De fait, à gauche comme à droite le climat politique marseillais est particulièrement délétère à moins d’un an et demi de l’échéance. Les législatives de juin ont vu disparaître de la circulation Renaud Muselier qui jusqu’au printemps dernier apparaissait comme le dauphin et le successeur incontestable de Gaudin. Il a été battu par une Marie-Arlette Carlotti, (ministre déléguée chargée des Personnes handicapées et de la Lutte contre l’exclusion) surfant sur la vague de la présidentielle. Et les cartes ont été redistribuées. A droite, Guy Teissier (député, maire du 5ème secteur et président d’Euroméditerranée) et Dominique Tian (député, maire du 4ème secteur), tous deux UMP, pointent le bout du museau... Sans que Jean-Claude Gaudin n’ait renoncé à garder le sien au chaud. Installé à la mairie depuis 1995, il ne devrait faire connaître sa décision pour 2014 qu’au mois de mars prochain. Nombreux sont ceux qui jurent que lui aussi voit dans la situation actuelle une configuration qui lui est favorable. Il aura 74 ans au moment des élections mais pas sûr que cela suffise à le dissuader. Au PS, profondément miné par l’affaire Guérini, Carlotti a acquis une légitimité électorale qui lui permet de s’y voir. Cette éclosion imprévue n’arrange pas les affaires de Patrick Menucci (député de la 4ème circo, maire du 1er arrondissement et vice-président du Conseil régional PACA) et de Eugène Caselli (président de la communauté urbaine Marseille Provence métropole), tous deux déjà sur les rangs depuis quelques mois.

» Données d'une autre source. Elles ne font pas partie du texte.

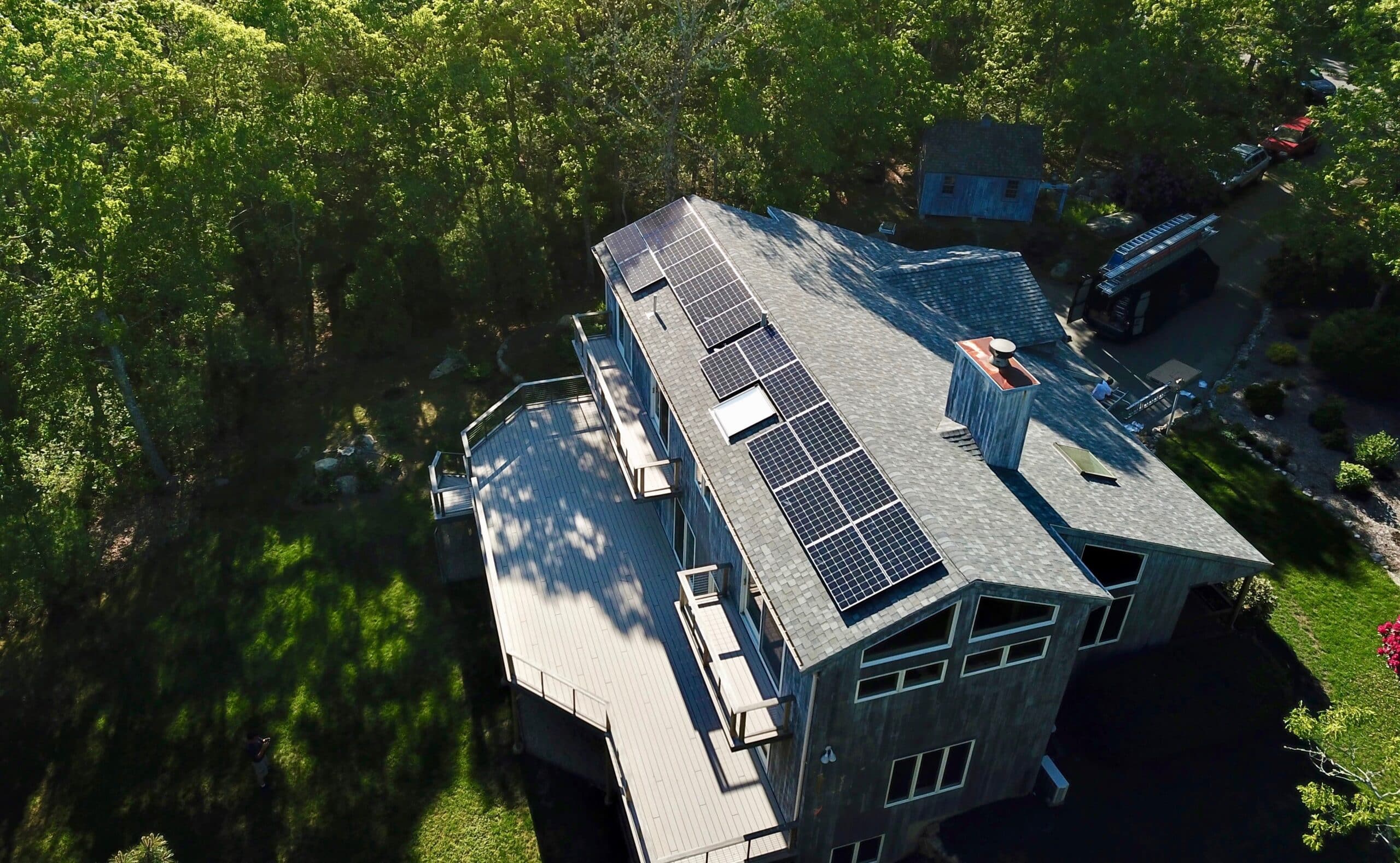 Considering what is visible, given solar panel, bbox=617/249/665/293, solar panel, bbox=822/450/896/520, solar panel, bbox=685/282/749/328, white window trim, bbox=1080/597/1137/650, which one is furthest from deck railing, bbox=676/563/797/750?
solar panel, bbox=617/249/665/293

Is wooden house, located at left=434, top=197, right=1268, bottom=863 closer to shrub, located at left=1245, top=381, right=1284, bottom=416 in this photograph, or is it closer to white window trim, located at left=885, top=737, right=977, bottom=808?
white window trim, located at left=885, top=737, right=977, bottom=808

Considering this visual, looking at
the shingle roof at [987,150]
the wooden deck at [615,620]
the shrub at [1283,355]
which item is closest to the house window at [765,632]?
the wooden deck at [615,620]

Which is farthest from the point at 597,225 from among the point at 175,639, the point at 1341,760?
the point at 1341,760

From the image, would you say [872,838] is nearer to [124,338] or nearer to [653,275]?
[653,275]

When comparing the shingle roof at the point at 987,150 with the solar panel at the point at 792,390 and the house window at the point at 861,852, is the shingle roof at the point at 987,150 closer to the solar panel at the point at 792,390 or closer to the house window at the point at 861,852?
the solar panel at the point at 792,390

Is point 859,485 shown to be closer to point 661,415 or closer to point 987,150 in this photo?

Dans ce tableau, toutes les informations politiques doivent être lues avec moultes précautions. Ainsi du sondage commandé par l’équipe de Guy Teissier à OpinionWay, réalisé en octobre et dont des résultats partiels ont été livrés hier. On y apprend que Guy Teissier est le candidat de droite favori de l’électorat et qu’il partage avec Marie-Arlette Carlotti le privilège d’être l’une des deux « personnalité locale » dont le taux d’opinion « plutôt bonne » de la population marseillaise dépasse les 40 %. De manière générale, Dominique Tian et Eugène Caselli apparaissent comme les perdants de ce sondage qui indique aussi que 59 % des marseillais ne veulent pas que Gaudin se réprésente. Ce qui a suscité du principal intéressé ce commentaire très gaudinien : « cela me donne envie d’y aller ».

Aucune des personnalités citées ne se détache cependant nettement, ce qui renforce l’hypothèse Bernard Tapie, absent du sondage. Deux question se posent. Peut-il gagner et pour qui roule-t-il ? Pour Patrick Mennuci, si l’ex-président de l’OM prend La Provence c’est bien parce qu’il n’a « plus de relais [politique] sur le terrain » pour servir ses ambitions. Il considère que Tapie ira mais ne gagnera pas. C’est aussi le sentiment de Guy Teissier. Plus nuancées sont les réponses à la deuxième question. Le passé politique de Tapie à Marseille est socialiste et radical (MRG). Mais c’est bel et bien le passé. Entretemps, en 2007 puis en 2012, il a soutenu Sarkozy auquel il doit d’avoir pesé de tout son poids dans l’affaire Adidas-Crédit Lyonnais qui lui a permis de récupérer 220 millions d’Euros (nets de créances et d’impôts) à la fin des années 2000. Surtout Tapie est un très proche de Jean-Louis Borloo qui vient de lancer une UDI a priori ambitieuse. Au point de vouloir conquérir dans 18 mois la deuxième ville de France avec un revenant multimillionnaire ? Tapie roulerait pour Borloo ? En tout cas, en jetant de l’huile sur le feu de la discorde à l’UMP, il ne dessert pas les intérêts politiques de son ami valenciennois.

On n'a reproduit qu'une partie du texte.